§ **WHAT YOU SHOULD DO**:
The result should be an exact copy of only the lines from the one with "Glamouröse mit Strass" through the last line of the data below, with pictures omitted.

§ **AVAILABLE DATA**:
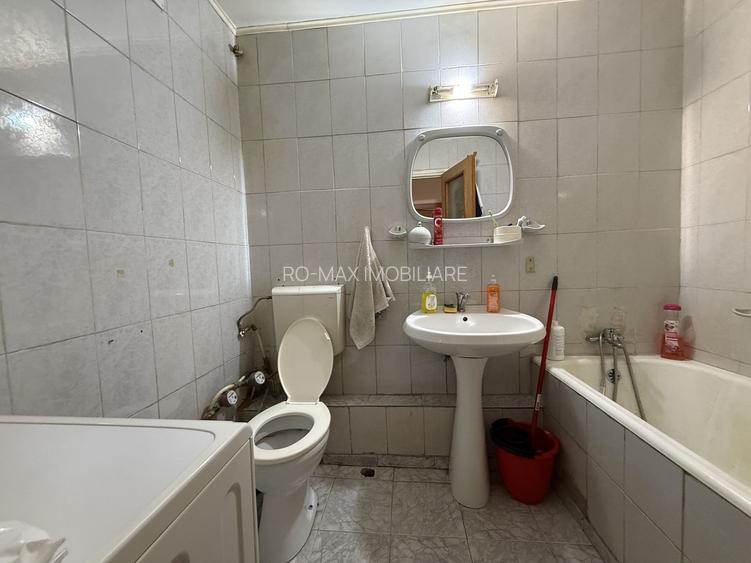 Apartament 2 camere 53,5 mp etaj 6 strada Moinesti- drumul taberei - 6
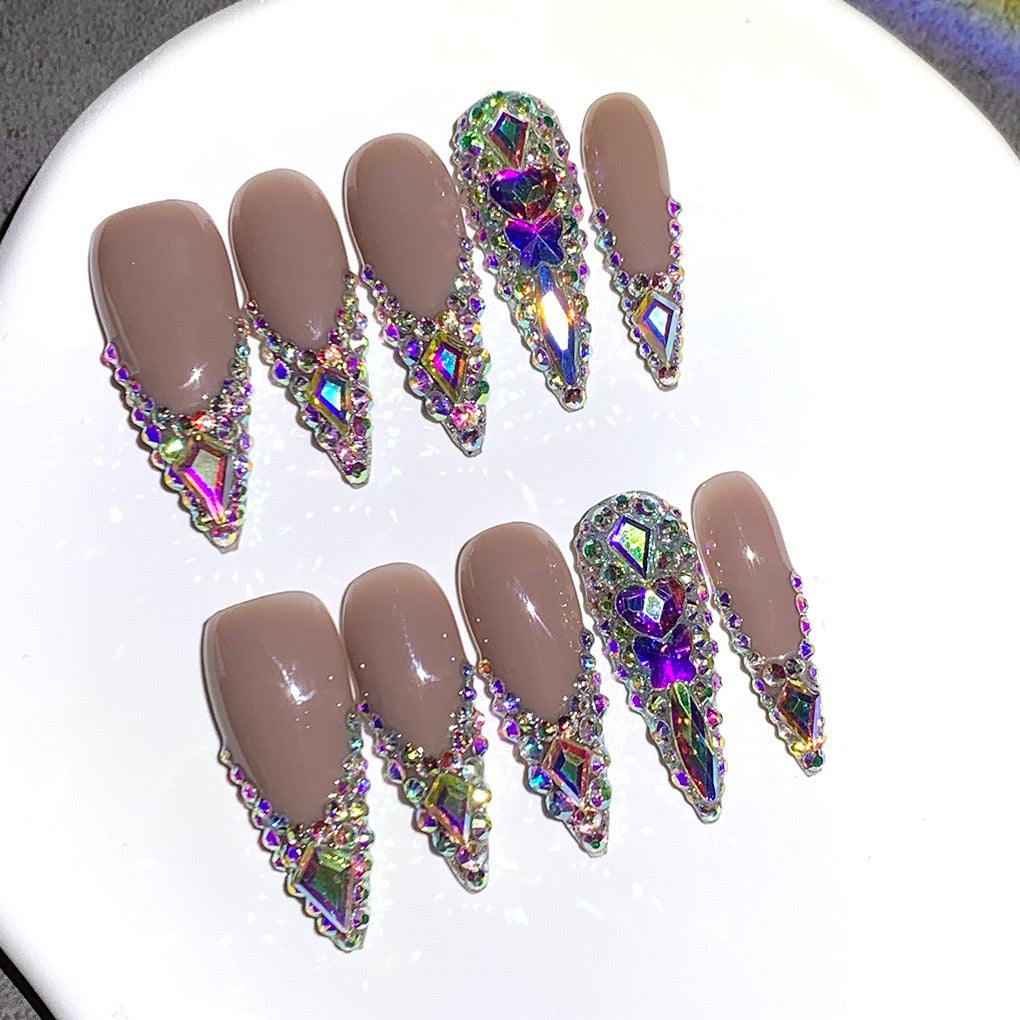 Glamouröse mit Strass verzierten Stiletto-Nagelverlängerungen Brehn
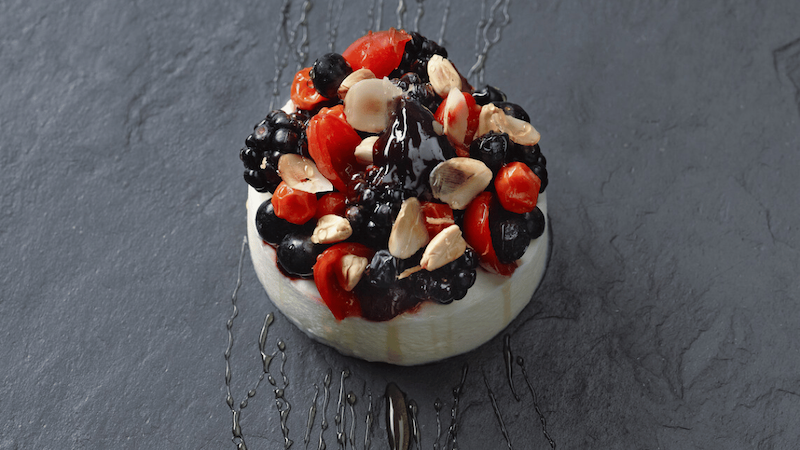 Dessert mit Beeren und geeistem Sylter Honig fruchtiges Dessert im ...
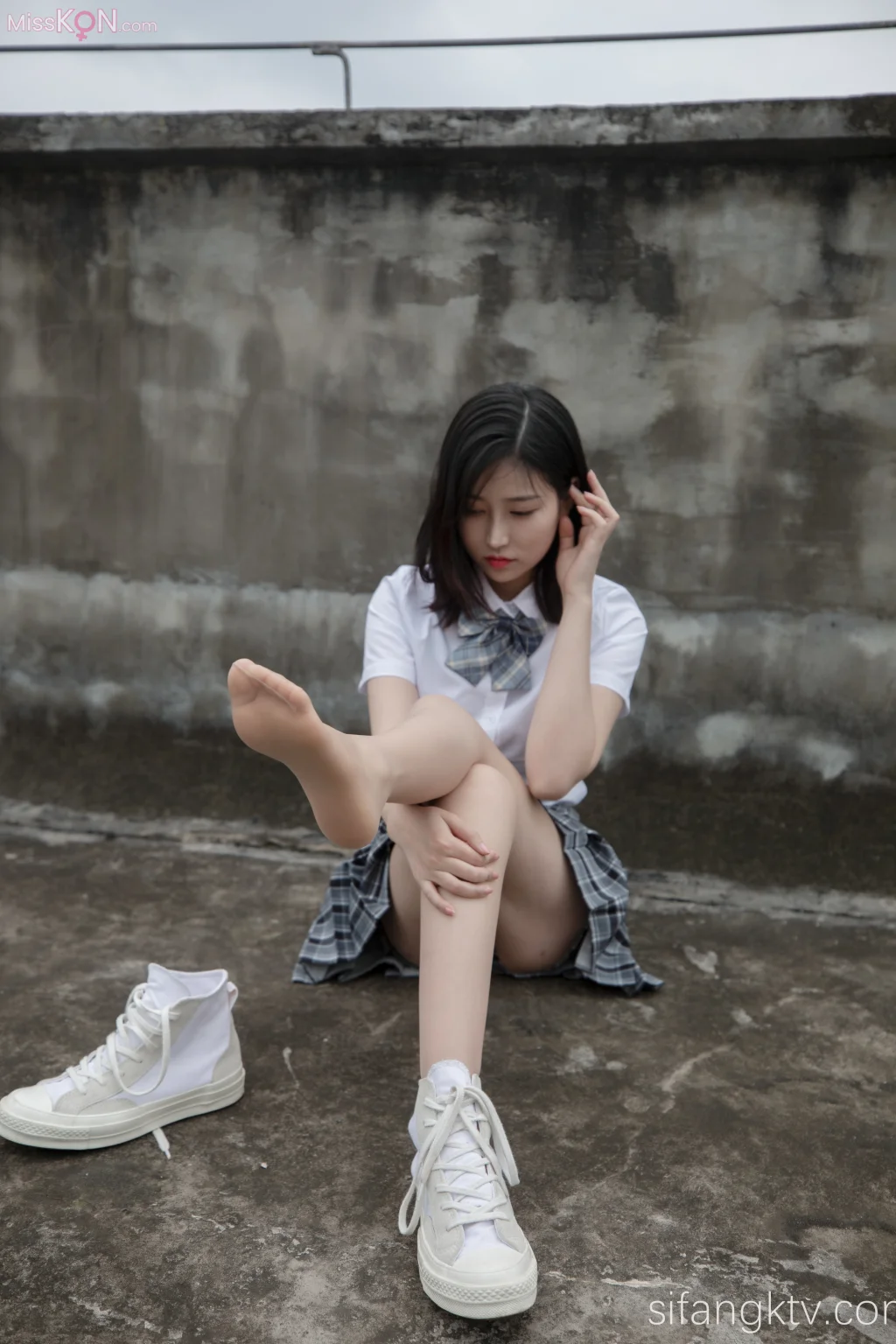 Coser@年年Nnian: 天台JK (78 photos + 1 video)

§ **WORKED SOLUTION**:
 Glamouröse mit Strass verzierten Stiletto-Nagelverlängerungen Brehn
 Dessert mit Beeren und geeistem Sylter Honig fruchtiges Dessert im ...
 Coser@年年Nnian: 天台JK (78 photos + 1 video)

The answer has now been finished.